No Free Covid-19 Treatment For Patients Who Are ‘Unvaccinated By Choice’ In Singapore

by Bhaswati Guha Majumder - Nov 12, 2021 02:44 PM +05:30 IST
No Free Covid-19 Treatment For Patients Who Are ‘Unvaccinated By Choice’ In Singapore(Singapore/Unsplash)
Snapshot
  • Singapore's Health Minister said that it will no longer cover the medical bills of individuals who are "unvaccinated by choice."

    This was being done to urge those who are eligible and unvaccinated to get themselves vaccinated.

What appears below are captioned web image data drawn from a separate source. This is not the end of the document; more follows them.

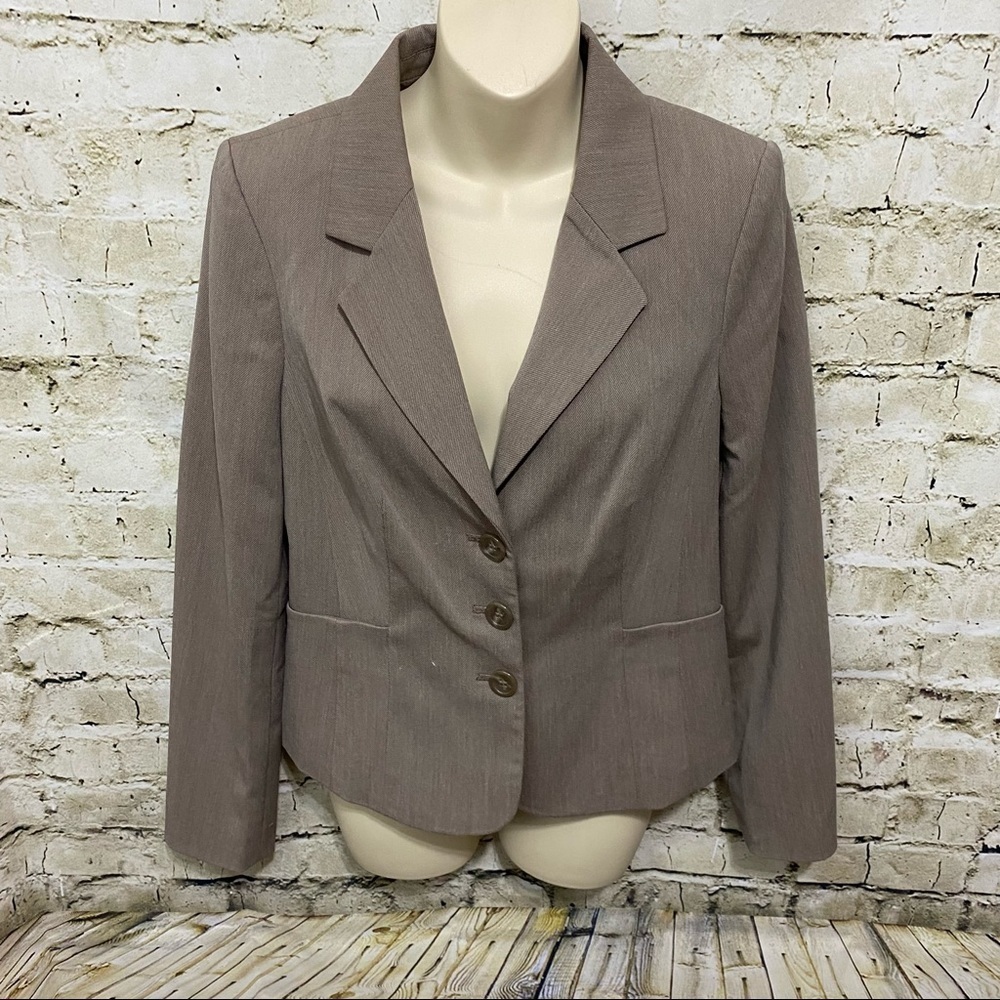 The Limited Tan Career 3 Button Blazer Jacket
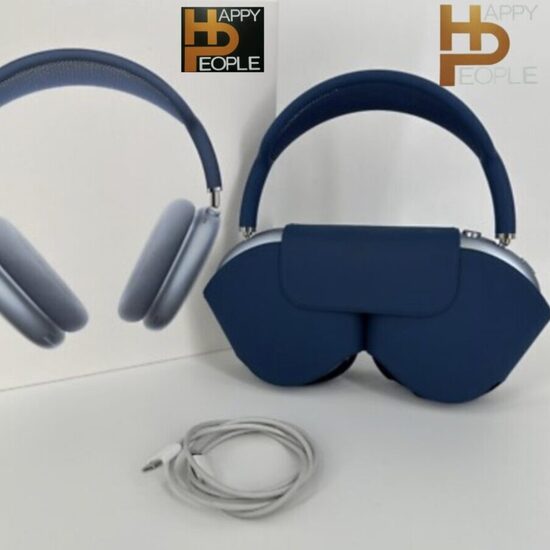 Belaidės Bluetooth ryšio garsą slopinančios ausinės su dėklu, mėlynos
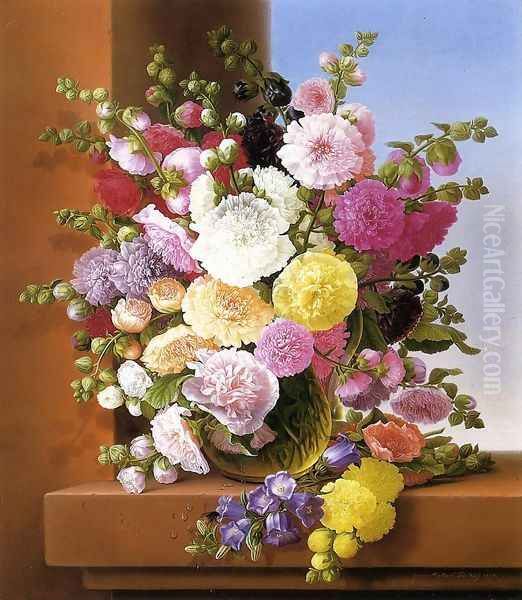 Still Life of Flowers Oil Painting by Adelheid Dietrich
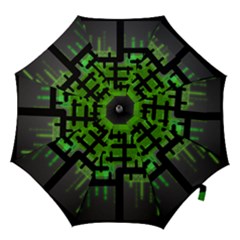 Binary Binary Code Binary System Hook Handle Umbrellas (large) by Simbadda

    As per the health ministry, the bills for the unvaccinated will still be highly subsidised under this system.

Singapore has so far offered over 10,000,000 doses of Covid-19 vaccines (Pfizer-BioNTech and Moderna jabs) to the population. But some people in the country are still unwilling to take the vaccines despite being eligible for the inoculation program.

Earlier this week, the city-state government said that it will no longer cover the medical bills of individuals who are "unvaccinated by choice," who account for the majority of severe coronavirus cases and covid-19 hospitalisations in Singapore.

The Ministry of Health (MOH) said in a statement: “Currently, unvaccinated persons make up a sizable majority of those who require intensive inpatient care, and disproportionately contribute to the strain on our health care resources.”

The ministry also noted that coronavirus infected patients who are “unvaccinated by choice may still tap on regular health care financing arrangements to pay for their bills where applicable”.

This move by the government comes at a time when the city-state is facing a surge in cases. Despite the fact that around 83 per cent of the population were given at least one dose of the vaccine, the Reuters vaccine tracker database (updated on 9 November) states that the vaccination was “going at a rate of about 23,220 doses per day during the last week, which is about 70 per cent slower than its fastest 7-day pace”.

Singapore Healthcare

The Singapore government now pay for any citizen, permanent resident and long-term work pass holders who become ill with the Covid -19, unless they tested positive for the disease immediately after returning from overseas.

MOH said in the statement: “This was to avoid financial considerations adding to public uncertainty and concern when covid-19 was an emergent and unfamiliar disease.”

The ministry also added that the authorities will continue to cover related medical expenditures for individuals who are vaccinated, as well as for those who are still not eligible—such as children under the age of 12 and persons with certain medical conditions—until the Covid-19 situation is more stable.

Additionally, people in Singapore who are only partially vaccinated will be covered until 31 December.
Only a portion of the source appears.